INSTRUCTIONS FOR THE TASK: All pictures must be left out as you transcribe the lines from the first line of the data to the line containing "GUNNERS LAKE VILLAGE - Residential", both included.

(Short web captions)
- - -

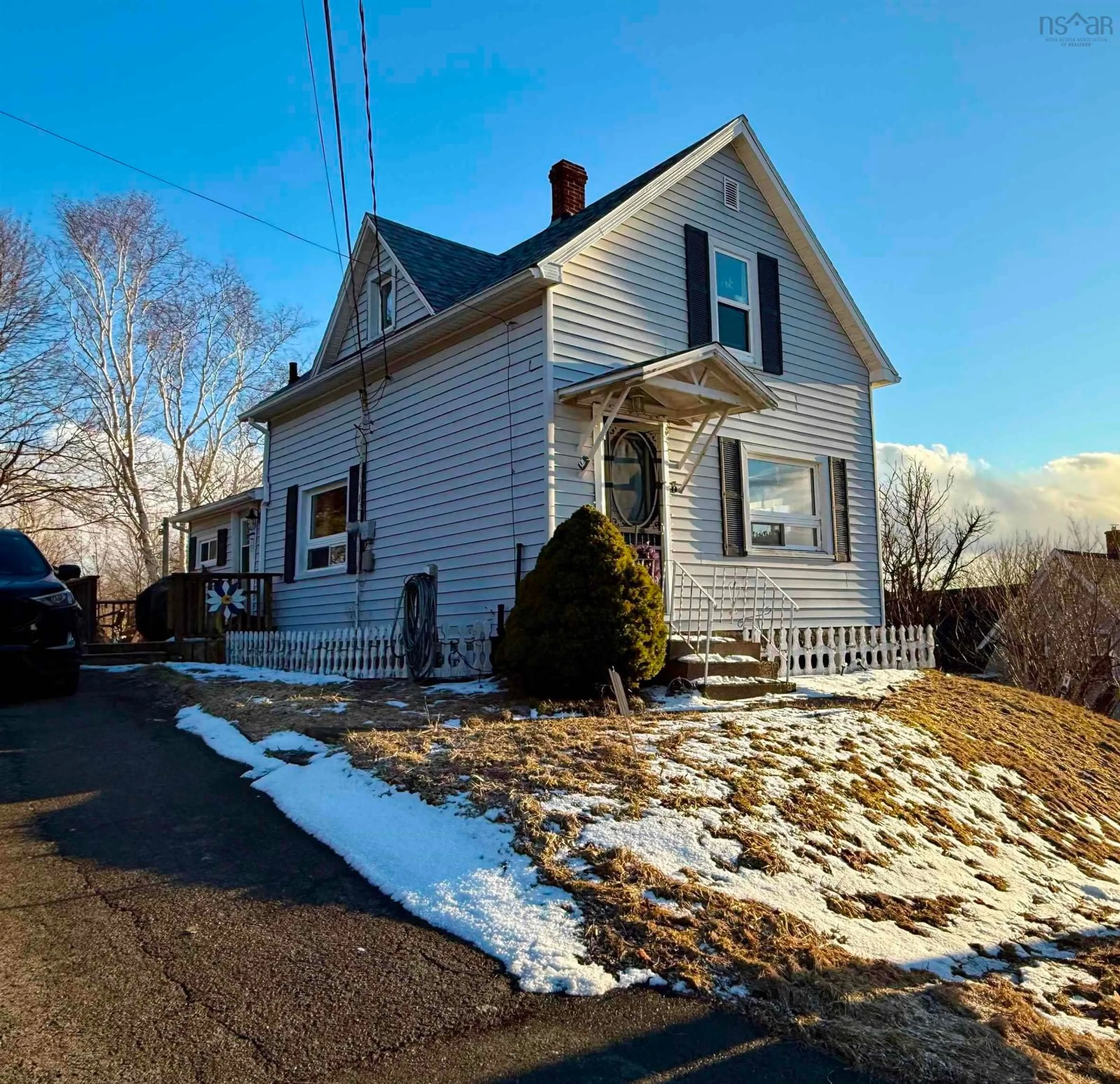 A pic from outside/outdoor area/front of a property/back of a property/a pic from drone, street for 6 Chestnut St, Trenton Nova Scotia B0K 1X0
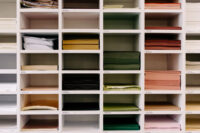 Regał z kolorowymi papierami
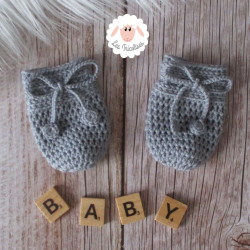 Moufles bébé en laine mérinos sur commande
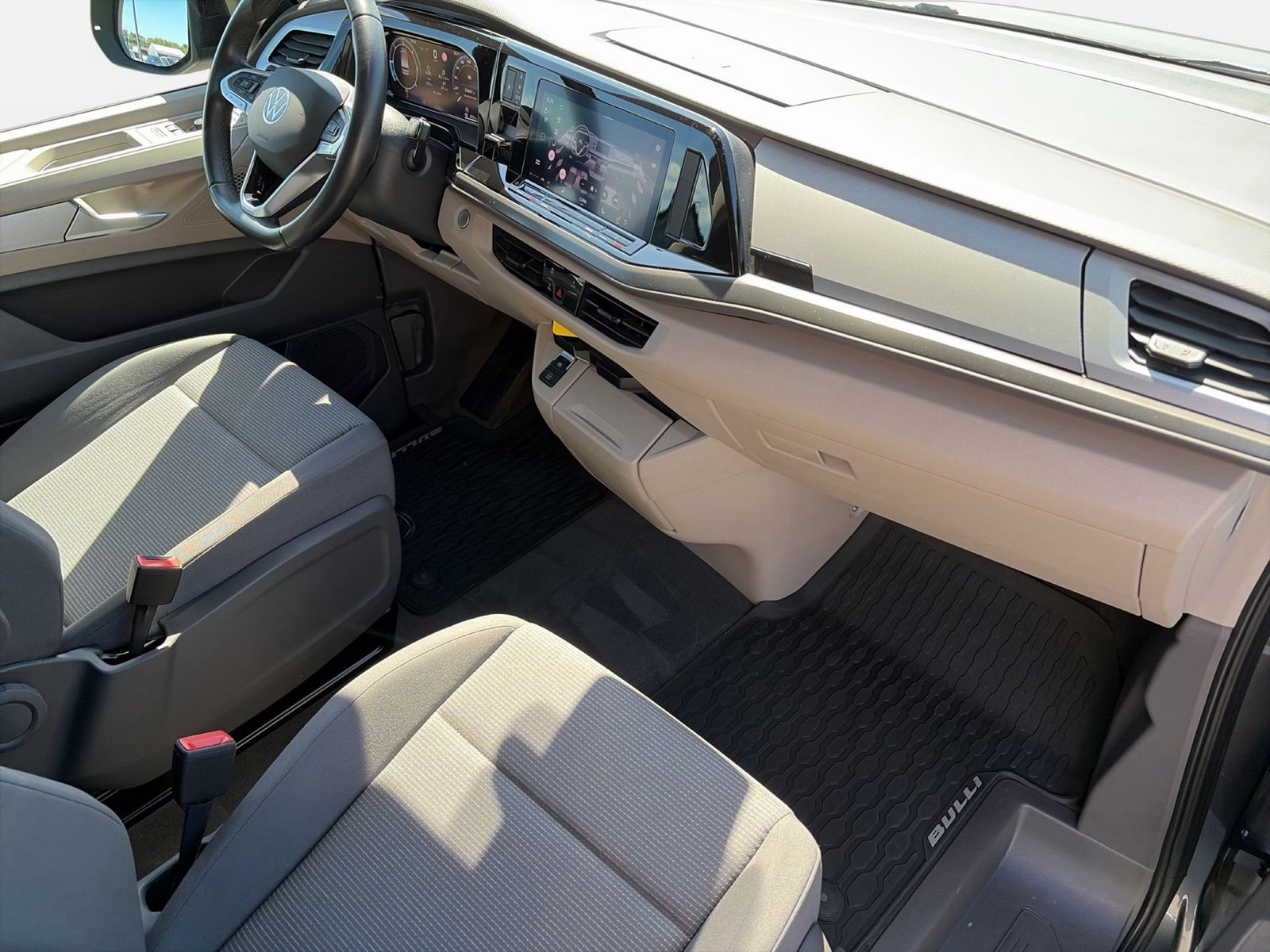 Fahrzeugabbildung Volkswagen Multivan 2.0 TDI CarPlay|AHK|ACC|LED|VirtualCP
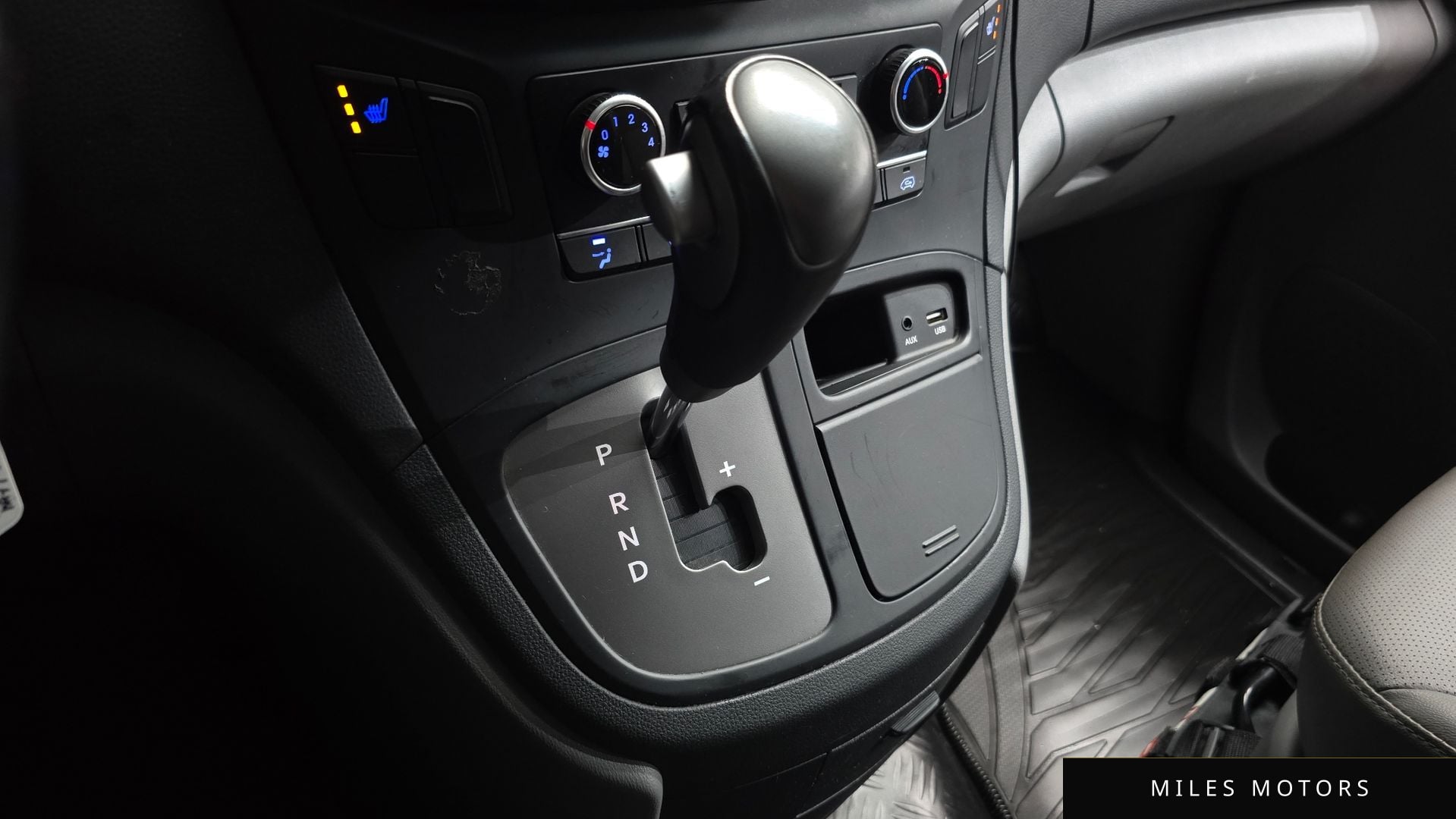 Hyundai Starex 2019 — миниатюра 12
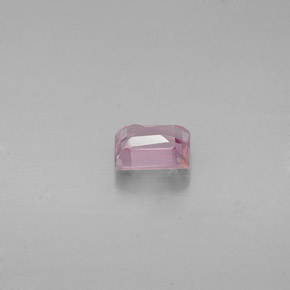 0.50克拉天然粉色尖晶石，长方形切工，5×3.8毫米，VS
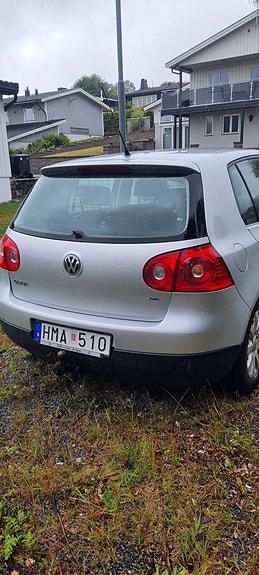 Volkswagen Golf V 3 of 3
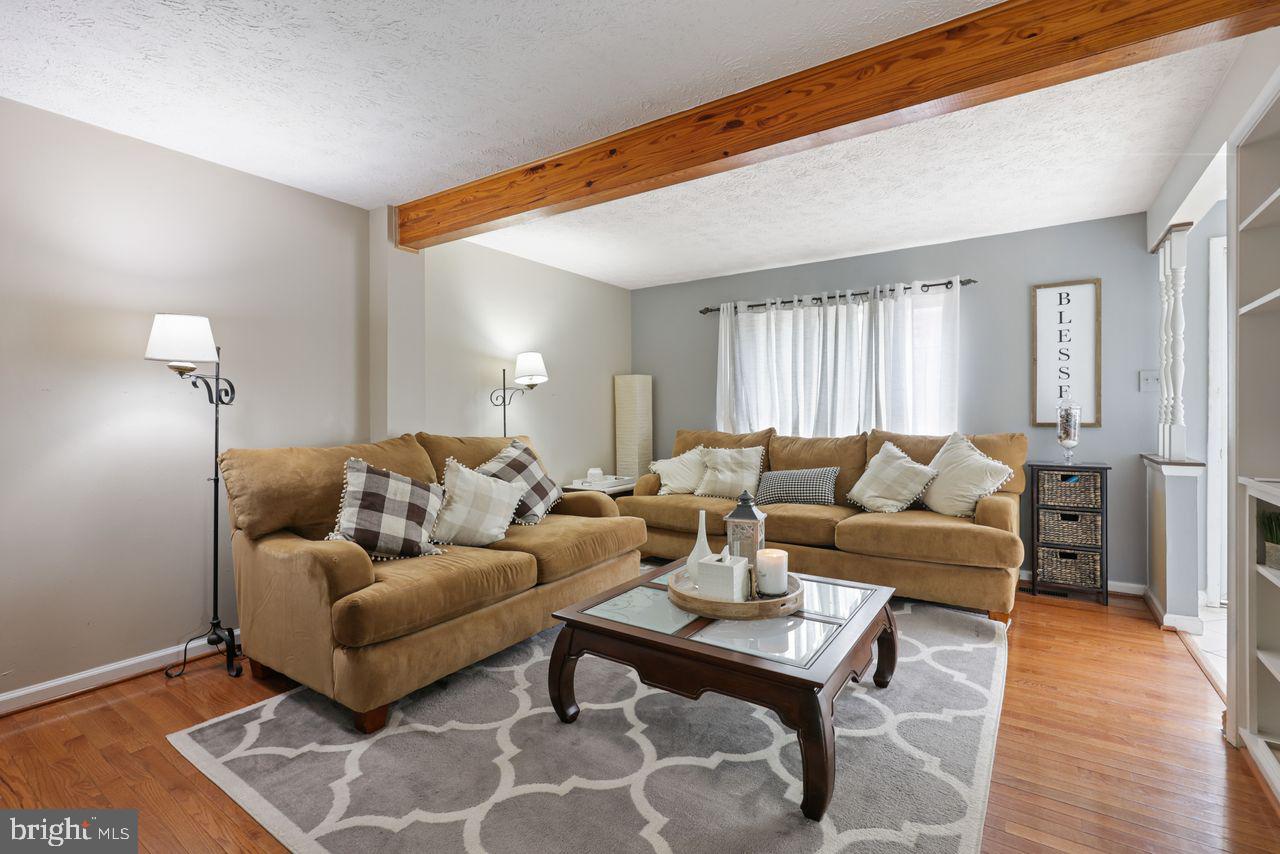 GUNNERS LAKE VILLAGE - Residential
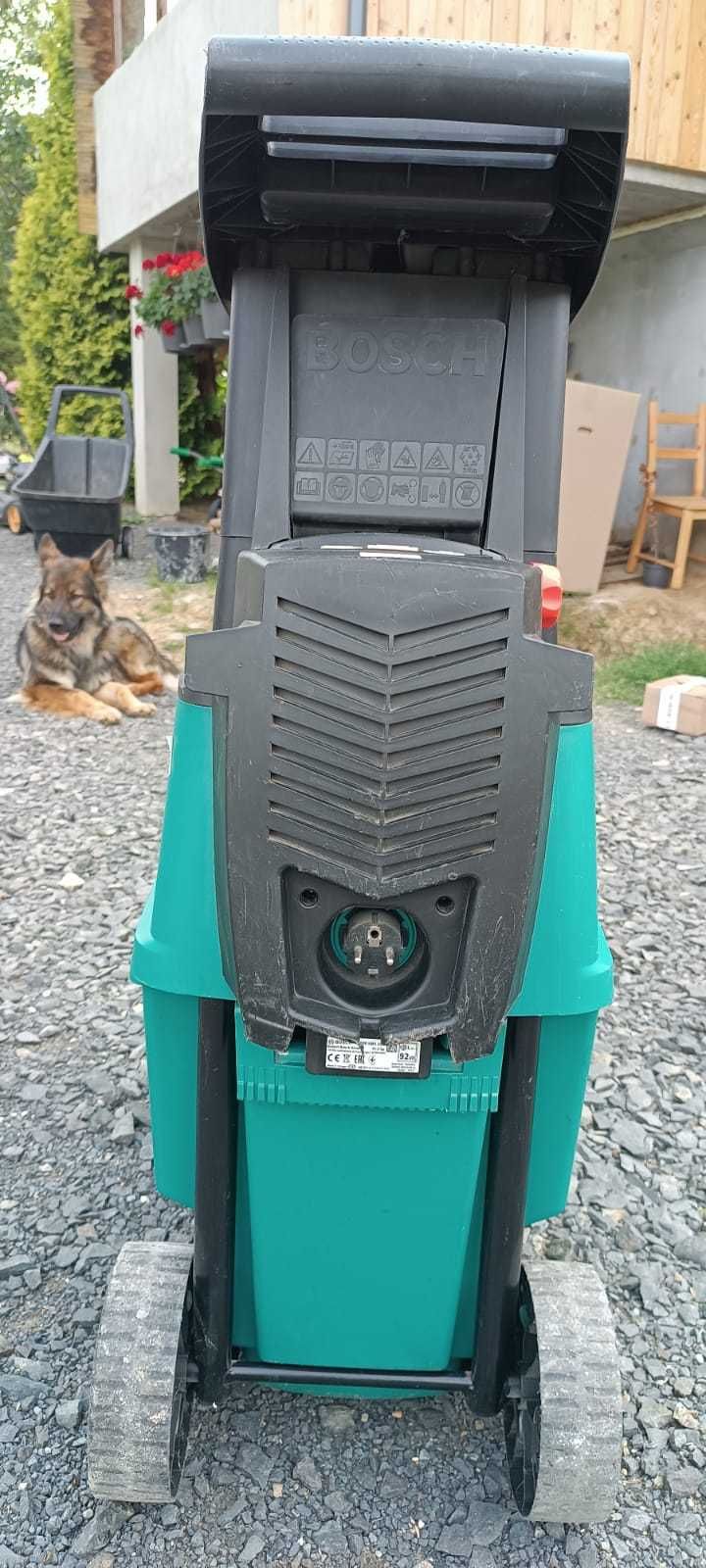 BOSCH 3 600 H03 101 maszyna  do zrębkowania gałęzi
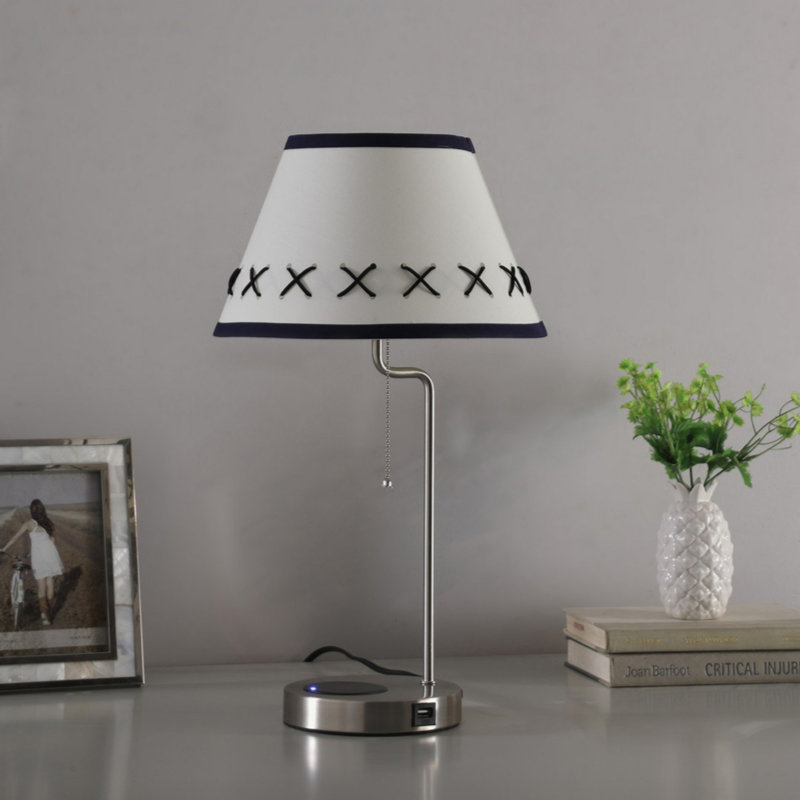 Lampe de table moderne 20 pouces Shelby avec station de recharge USB / USB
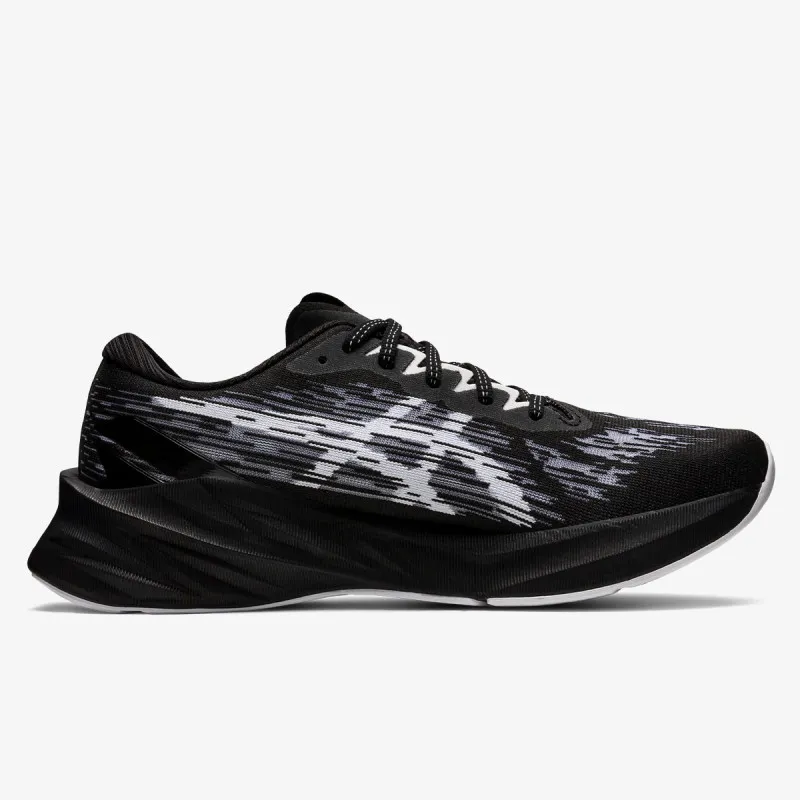 ASICS NOVABLAST 3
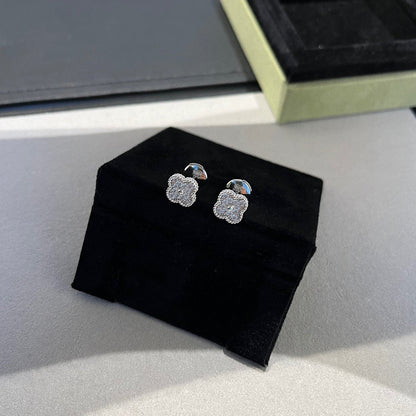 [Mystic Crown]CLOVER MINI DIAMOND STUD EARRINGS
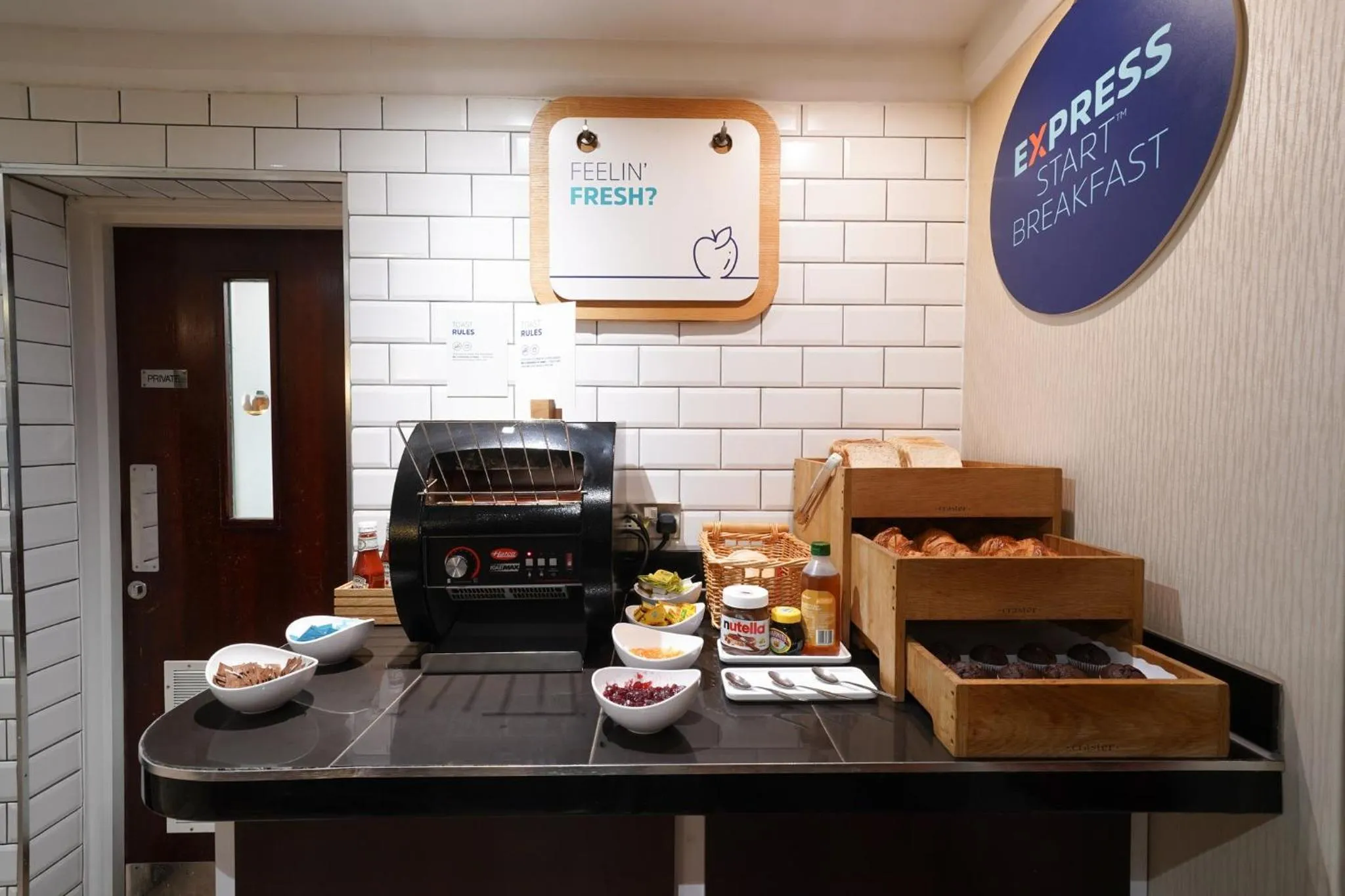 Restaurant/places to eat in Holiday Inn Express Glenrothes by IHG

- - -

COMPLETED EXERCISE:
 A pic from outside/outdoor area/front of a property/back of a property/a pic from drone, street for 6 Chestnut St, Trenton Nova Scotia B0K 1X0
 Regał z kolorowymi papierami
 Moufles bébé en laine mérinos sur commande
 Fahrzeugabbildung Volkswagen Multivan 2.0 TDI CarPlay|AHK|ACC|LED|VirtualCP
 Hyundai Starex 2019 — миниатюра 12
 0.50克拉天然粉色尖晶石，长方形切工，5×3.8毫米，VS
 Volkswagen Golf V 3 of 3
 GUNNERS LAKE VILLAGE - Residential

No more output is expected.